Workshops for staff focused on why building a positive organization matters and how such environments increase employees’ productivity and satisfaction in the workplace. During breakout sessions, colleagues asked guided questions to learn more about each other on a personal and professional level; they also identified specific ways that 1) their work benefits others and 2) they benefit from others’ work. The energy in the room ramped up almost immediately as staff members connected.
“I know that people can bring down colleagues with a negative attitude, but this made me think about the converse: If you’re energizing others, it lifts up everyone,” observed David Hatch, a senior business partner in the Human Resources department. “I’m going to be thinking about how I can do that in my work.”
In a separate program, students learned how to make a positive impact on those around them, including their peers and future colleagues. In addition to Shawn and Ryan Quinn, the symposium tapped President Alison Davis-Blake as a speaker and Vice President and Dean of Students J. Andrew Shepardson to moderate the discussion. He encouraged students to recognize the value they can bring to the workplace by energizing themselves, promoting a sense of belonging among co-workers and practicing gratitude in ways that can be as simple as saying “thank you.”
“All of you hold more power than you may believe, in the way you impact people’s lives around you,” said Shawn Quinn, whose message resonated among the students who packed Bentley’s Wilder Auditorium.
Krysten Arnold ’20 called the symposium eye-opening. “In the business world, it sometimes seems like money is central,” she said. “While that’s important, Shawn and Ryan Quinn and President Davis-Blake reminded us of the power of positivity and wanting to make a difference in the world. Do what you love, energize people and make a positive impact on others’ lives — and the money will follow.”

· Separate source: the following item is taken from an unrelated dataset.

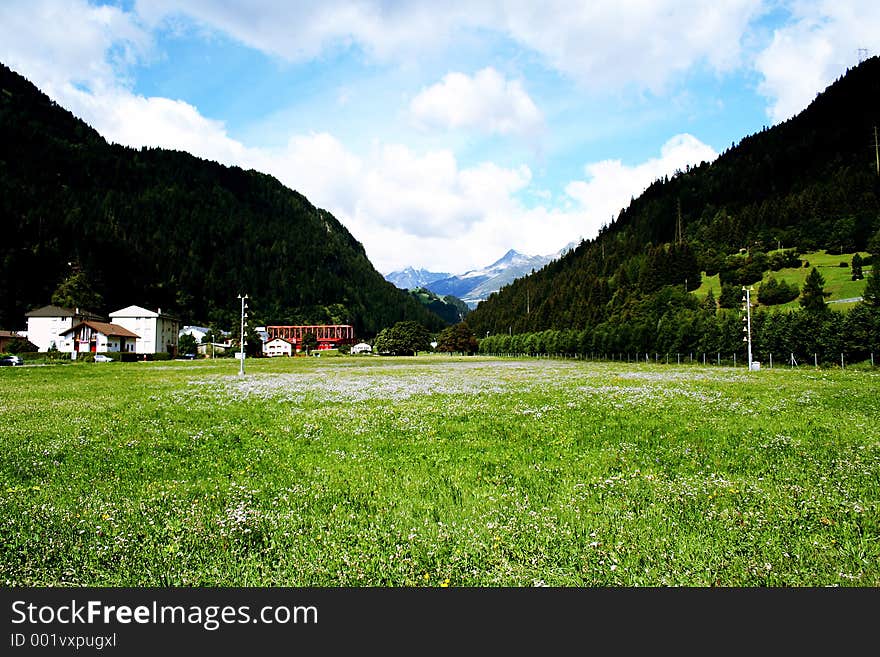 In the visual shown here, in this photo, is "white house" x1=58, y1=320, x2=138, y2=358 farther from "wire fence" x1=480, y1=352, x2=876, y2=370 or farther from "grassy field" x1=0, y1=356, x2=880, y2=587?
"grassy field" x1=0, y1=356, x2=880, y2=587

After the symposium, students gathered with faculty, staff and other members of the campus community to plant a tree, symbolizing the “Century of Growth, Future of Leadership” theme of Inauguration Week. Pictured, from left, with President Davis-Blake are Student Government Association leaders Patricia Magistrado ’19, Hannah McDonnell ’19 and Matt Stead ’19.
Build a Workplace Where People Thrive
Compiled by Kristen Walsh
“We ought to be concerned about human sustainability, not just environmental sustainability,” urged symposium speaker Jeffrey Pfeffer. His research identifies factors to pay attention to.
Beware of positions with high demands but low control over work. The lower an employee’s rank, the higher the risk for cardiovascular disease.
Resist thinking that a long workday confers status. The number of hours worked correlates with higher blood pressure and lower productivity.
Develop practices that contribute to employees’ emotional and financial well-being, e.g., avenues for teamwork to build cohesiveness and reduce isolation.
Support strategies that minimize conflict between job and family. The fallout of conflict can be absence from work, mood and anxiety disorders, poor health and substance abuse.
PERCEIVED FAIRNESS AND JUSTICE
Create a culture that rejects discrimination in all its forms. Unfair treatment based on race, age or gender creates stress that undermines physical and mental health.